Fashion Institute of Technology (FIT) students have strong opinions on who should replace John Galliano as creative director of the Christian Dior label.
Many designers have been named as possible candidates for the job. According to The Guardian, Ricardo Tisci at Givenchy, Phoebe Philo at Celine, and Marc Jacobs at Louis Vuitton are in the running. Women’s Wear Daily said Haider Ackermann is another possible candidate and that British betting site PaddyPower.com had Alber Elbaz at Lanvin, and Stefano Pilati at YSL on the list. Many of these designers, namely Tisci, Philo, and Jacobs, already design for brands of Dior’s parent company LVMH Moët Hennessy Louis Vuitton. Regardless of what the critics say, students at FIT prefer some designers over others.
Venus Wong, 18, an Adevertising and Marketing Communications major from China is rooting for one of the front-runners, Elber Albaz. She also thinks Sarah Burton of Alexander McQueen might be tapped for the job. “Since the royal wedding she has shown that she’s capable of doing classic and elegant which is what Dior is all about. It’s a good thing they’re putting so much consideration into this,” she said.
Other students want to see a different designer at the head. “Zac Posen. He knows how to put the drama in there, that would be completely different work,” said Haley Anna Perry, 18, an Advertising Marketing Communications major from Georgia.
Some students feel Marc Jacobs should leave Louis Vuitton to for Dior.
“I mean put Marc Jacobs at the head. I mean why not?” said Krista Bora, 18, an Advertising Marketing Communications major from Vermont. “When he took over Louis Vuitton he modernized it.”
Kristen Archambeau, 21, an Advertising and Marketing Communications major from Michigan feels the same way. “I think Marc Jacobs . . . since he’s hip and young but respected in the design community,” she said.
This quest for a new designer comes after Galliano was fired on March 1, 2011 after a video of him making anti-Semitic statements was released by Britain’s, The Sun tabloid. Although it has been two months, the company has yet to name a successor to continue the brand’s legacy, and it does not seem like one will be named soon. According to a March 31, 2011 Reuters report, the new designer might not be revealed until the fall.

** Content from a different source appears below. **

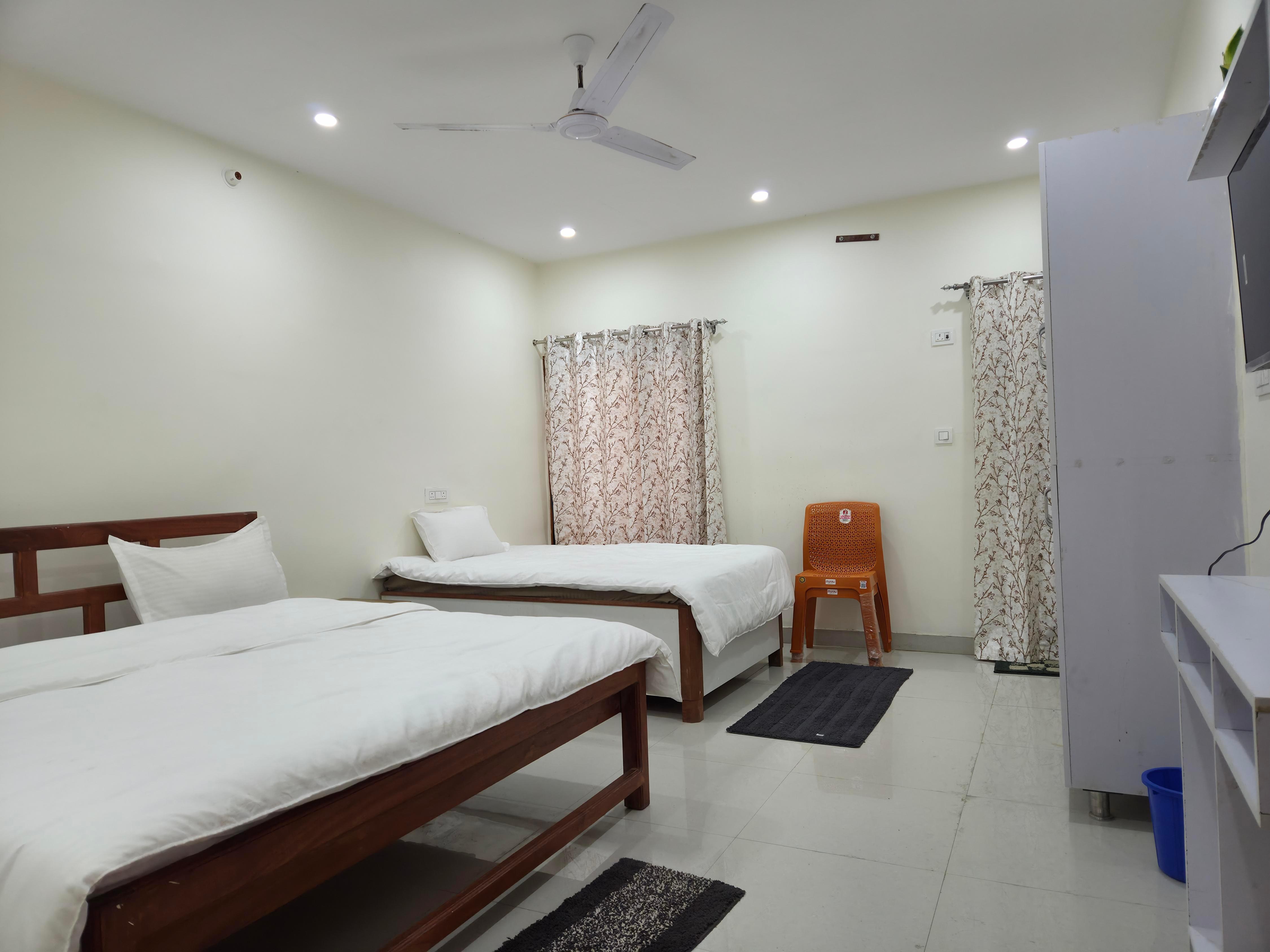 Hotel Vedic Alaknanda Room Type - Deluxe Family Room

“[The announcement] could come at any time, after [the autumn] or before,” Sidney Toledano, Dior’s Chairman and Chief executive, said in a statement to Reuters.
Katie Gillespie, 19, a Fashion Merchandising Management Major from Ohio has a strong opinion of who the successor should be. “I honestly think that it should be an unknown,” she said. “There is so much talent out there and the House of Dior should hold auditions for the person that best fits the image. Actually, Kenley [Collins] from season 5 of Project Runway wouldn’t be a bad choice.” Gillespie understands that the decision may be a long time coming. “I think the reason why it has taken so long is to build suspense. Fashion is dramatic after all, and that’s why we love it,” she said.